INVESTING in healthcare companies could turn out to be a win-win for those of us who are prepared to accept that we are not superhuman, but mortal in every possible way.
As we’re far from invincible, we might even need to call on the services of one or more healthcare companies now and again.
So, investing in healthcare companies could serve two useful purposes. First, it could ensure that the companies we like, and could one day need, are well-funded. Second, and perhaps a little selfishly, it could be a great way to get something back for buying goods and services from these businesses.
Let’s be clear: Healthcare can be expensive. It is not the fault of these companies, but a direct function of market forces. As demand for better healthcare rises, thanks to improving household wealth, prices can go up. That prices will rise is almost predictable.
Consequently, my investments in healthcare companies almost read like a chronology of my medical record. Perhaps it was a subconscious decision that I had made years ago to insure against future expenditures.
Then again, it could be because I just like income-producing assets. Most of these companies do pay handsome dividends.
Two for the price of one
One of the first companies that I invested in many decades ago was GlaxoSmithKline (GSK). It was a specialist in gastrointestinal ailments. It is now one of the top 10 vaccine makers in the world. It is also spearheading research into drug-resistant superbugs, which is fast becoming a serious issue.
In 2022, GSK decided to spin off its Haleon consumer healthcare business to focus on research. For GSK shareholders, it was like getting two for the price of one. The oral healthcare segment is Haleon’s mainstay. This includes Sensodyne and Aquafresh toothpastes. The company also makes Panadol painkillers and Centrum vitamins.

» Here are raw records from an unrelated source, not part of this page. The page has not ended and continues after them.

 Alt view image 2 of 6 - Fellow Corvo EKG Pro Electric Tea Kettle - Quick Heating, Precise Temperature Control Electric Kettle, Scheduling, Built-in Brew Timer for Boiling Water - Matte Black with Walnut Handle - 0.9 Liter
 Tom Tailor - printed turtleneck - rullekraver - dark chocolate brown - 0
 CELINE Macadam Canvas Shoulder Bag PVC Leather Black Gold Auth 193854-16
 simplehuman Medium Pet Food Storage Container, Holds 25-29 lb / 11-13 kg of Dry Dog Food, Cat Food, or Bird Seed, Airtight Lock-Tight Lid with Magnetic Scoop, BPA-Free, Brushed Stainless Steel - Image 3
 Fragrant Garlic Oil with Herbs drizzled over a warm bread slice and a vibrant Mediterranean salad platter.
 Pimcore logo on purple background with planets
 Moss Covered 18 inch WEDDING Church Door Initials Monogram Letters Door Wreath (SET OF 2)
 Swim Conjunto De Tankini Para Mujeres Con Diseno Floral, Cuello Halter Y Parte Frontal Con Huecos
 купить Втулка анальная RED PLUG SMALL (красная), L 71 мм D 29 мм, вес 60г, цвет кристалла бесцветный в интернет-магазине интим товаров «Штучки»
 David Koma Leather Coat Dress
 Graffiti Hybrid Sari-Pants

Consumer healthcare in the form of wound management is an important area for Smith & Nephew. That started with its Elastoplast brand in 1928. Today, orthopaedics is the main driver of growth for the company. Joint replacements account for a significant part of Smith & Nephew’s annual revenue. As the world population ages, demand for new hips and knees could increase.
Put a tiger in your portfolio
Other interesting companies in the consumer healthcare area include Abbott Laboratories. Its products range from infant formula for newborns to dietary supplements for older members of society. It is also a key player in diabetes management, which has become increasingly important since the advent of weight-loss medication.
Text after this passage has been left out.